ASSIGNED TASK: Below, some lines carry pictures; leave those pictures out and retype exactly the lines from the one with "EDA006025222H_4.jpg@b55e64a557502f41009829e485ae27a9" through the one with "2932 Priscilla, Riverside, CA 92506".

DATASET CONTENT:

- - - - -

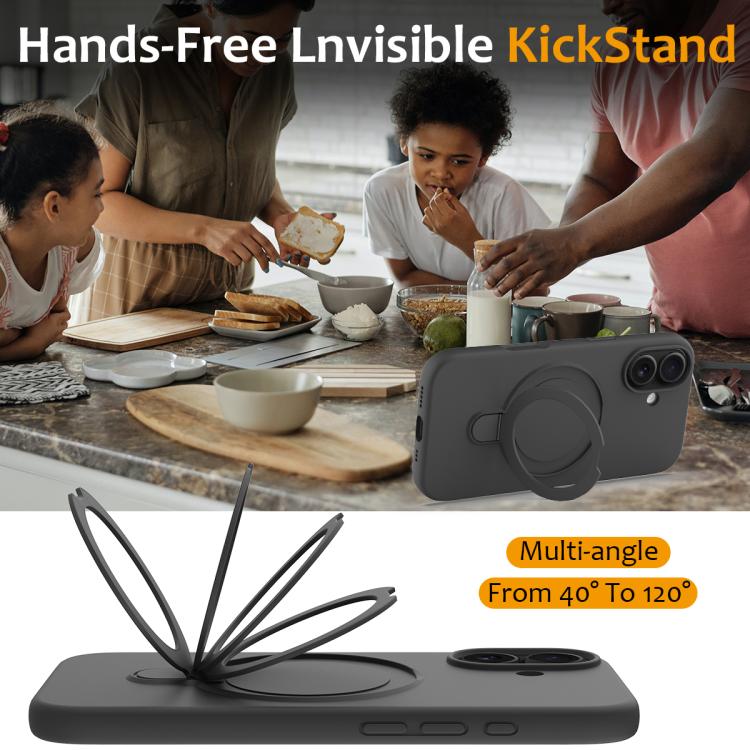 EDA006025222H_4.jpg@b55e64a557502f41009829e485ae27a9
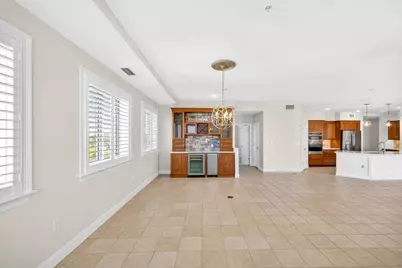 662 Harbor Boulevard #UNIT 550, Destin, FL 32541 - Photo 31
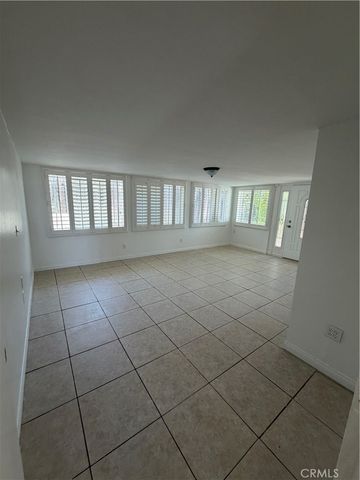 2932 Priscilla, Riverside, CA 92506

- - - - -

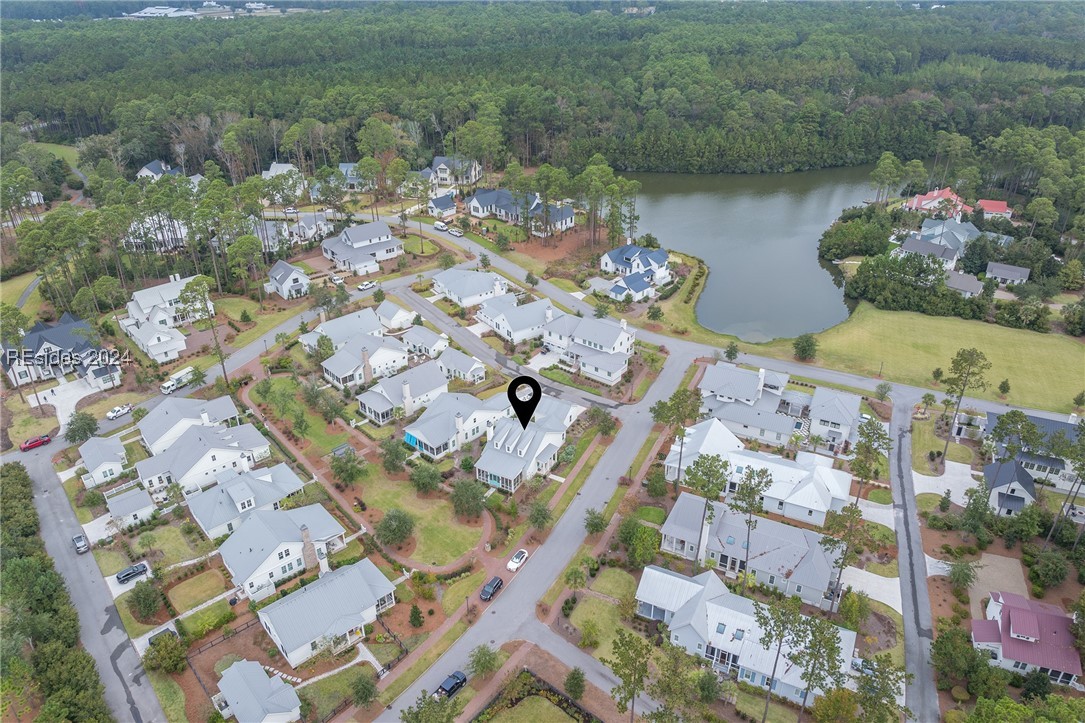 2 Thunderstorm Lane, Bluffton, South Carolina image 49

- - - - -

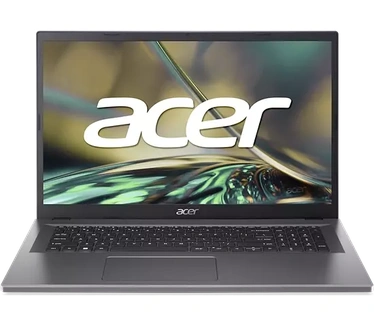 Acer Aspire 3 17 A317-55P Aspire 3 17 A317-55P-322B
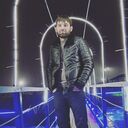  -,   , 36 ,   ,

- - - - -

TASK SOLUTION:
 EDA006025222H_4.jpg@b55e64a557502f41009829e485ae27a9
 662 Harbor Boulevard #UNIT 550, Destin, FL 32541 - Photo 31
 2932 Priscilla, Riverside, CA 92506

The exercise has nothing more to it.